Klein v. Russell

Decision Date01 October 1873
PartiesKLEIN v. RUSSELL
CourtU.S. Supreme Court

ERROR to the Circuit Court for the Northern District of New York; in which court one Russell, a glover, of Gloversville New York, brought suit against Klein, glover in the same place, for an infringement of a patent. The plaintiff got a verdict; the defendant having in the course of the trial taken various exceptions, on which the case was now here.

The case was thus:

In August, 1869, Russell obtained a patent for a new and useful improved process of treating leather so as to render it suitable for the manufacture of gloves. The specification said:

'My invention consists in a novel treatment of what is known as 'bark-tanned lamb or sheep skin,' an article used by bookbinders, and which, while sufficiently soft and supple for the purposes of their trade, is too harsh and stiff for glove-making and a variety of other purposes. This objection is removed by my treatment of the article, and the leather rendered so soft and free, yet full in respect of body, as to adapt it, among other purposes or uses, to the making of what are termed 'dogskin gloves.'

'The process I adopt, and which constitutes my invention, is as follows: I take of 'fat liquor' obtained in scouring deerskin after tanning in oil, say ten gallons, and warm the same by heating to or near the boiling-point. I then add to such heated fat liquor eight ounces of sal soda, twelve ounces of common salt, one pint of soft-soap, and four ounces of Venetian red, and stir and mix these several ingredients with the fat liquor. This forms the treating mixture or compound; and when made in the foregoing quantity will suffice for five or six dozen skins, but of course such quantity may be more or less varied, as may also the proportions of the ingredients; and the Venetian red or other coloring matter is modified or omitted as desired.
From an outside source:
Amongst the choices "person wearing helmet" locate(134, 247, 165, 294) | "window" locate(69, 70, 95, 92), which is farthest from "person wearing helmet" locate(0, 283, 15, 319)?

'To effect the treatment hereinbefore referred to, of the barktanned lamb or sheep skins, I lay said skin on a table or other suitable surface, and rub the above-described compound on to both sides of it, using for the purpose a horse or other suitable brush or rubber, by which it can be worked into the skin, that is afterward hung out to dry, and subsequently 'staked,' when the character of the skin will be found entirely changed from harshness to softness, and in other respects, thereby adapting it to the manufacture of gloves of the description previously named and to a variety of other purposes for which said skin was not suitable prior to the treatment of it I have herein described.'

The claim was thus:

'What is here claimed and desired to be secured by letters-patent is the process substantially as herein described, of treating bark-tanned lamb or sheep skin by means of a compound composed and applied essentially as specified.'

On the 1st of February, 1870, Russell got a reissue of this patent under the thirteenth section of the Patent Act,2 which permits a patentee, whenever any patent is 'inoperative or invalid by reason of a defective or insufficient description or specification, or by reason of the patentee claiming in his specification as his own invention more than he had a right to claim as new, if the error has arisen by inadvertency, accident, or mistake,' to apply for a new patent, and in such case authorizes a new patent to be issued for 'the same invention,' in accordance with the patentee's corrected description and specification.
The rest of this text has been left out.